2. 検出と分析:このフェーズでは、まず、サービス運用チームが優先度の高いインシデントをプロアクティブに監視、検出、トリアージ、分析できるようにシステムを設定して、ネットワーク環境内で、ビジネスに悪影響を及ぼす可能性のある脅威や不審または異常なアクティビティを検出できる体制を整えます。検出と分析は、通常、人手による調査とセキュリティツールによる自動処理を組み合わせて行います。自動化を取り入れてプロセスを効果的に実行すれば、このフェーズでインシデントの拡散と影響を最小限に抑えることができます。

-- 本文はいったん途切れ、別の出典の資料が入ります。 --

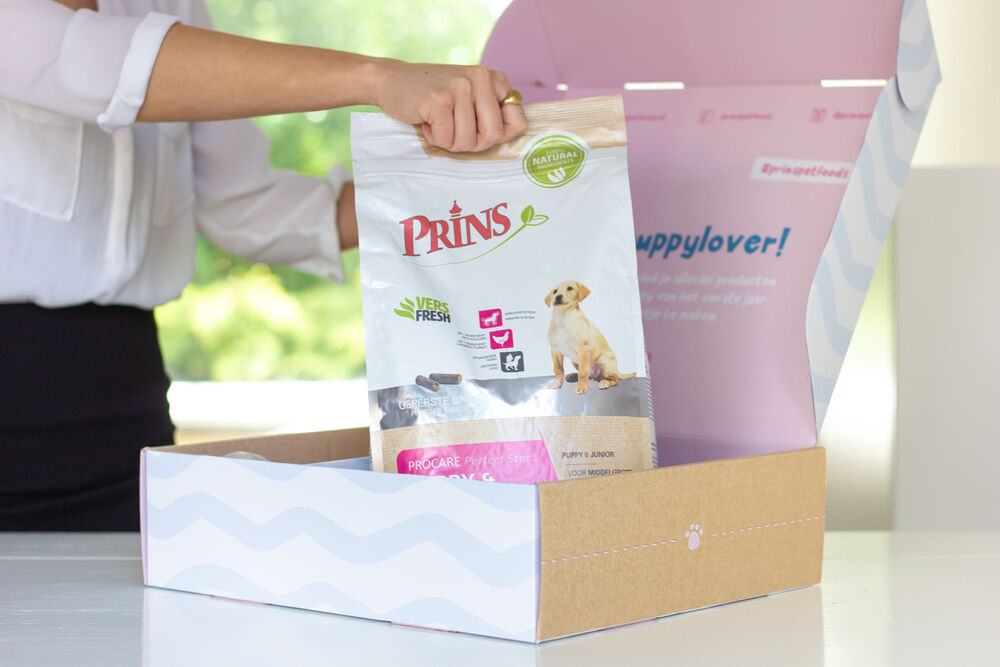 Prins Opgroeibox ProCare Puppy & Junior Perfect Start - Hondenvoer - kip, kalkoen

3. 封じ込め、除去、復旧:第3フェーズは、セキュリティインシデントの解決です。封じ込めの目的は、インシデントの被害が広がらないようにすることです。たとえば、侵入を受けたサーバーをネットワークから切り離したり、攻撃をブロックするファイアウォールルールを適用したりして、マルウェア攻撃の拡散を阻止します。次に、セキュリティ管理者またはサポートスタッフが迅速に、感染したサーバーからマルウェアを除去し、他のどこにも残っていないことを確認して、脅威を取り除きます。最後に、サポートスタッフが、システムをマルウェア感染前の状態に戻してから、アプリケーションを再起動し、バックアップからデータを復元して、サービスの品質を回復させます。
4. インシデント後の作業:第4フェーズでは、類似のインシデントの再発を防止するための対策を実施します。インシデント対応中やポストモーテムミーティングで集めた情報に基づいて、インシデント発生の経緯を検証し、防止策の強化または追加、監視とアラート生成プロセスの改善、ヘルプデスクとサービスリクエスト、修復、リカバリプロセスの効率化を検討します。このフェーズでは、法規制コンプライアンスに関する問題にも対処する必要があります。
4つのフェーズは全体として、包括的なナレッジベースを基盤に構築することが想定されています。第3フェーズの効果は、第1、第2フェーズの成果に大きく左右されます。最適な防御策を講じてサービスをすばやく復旧させるには、4つすべてのフェーズを連携させる必要があります。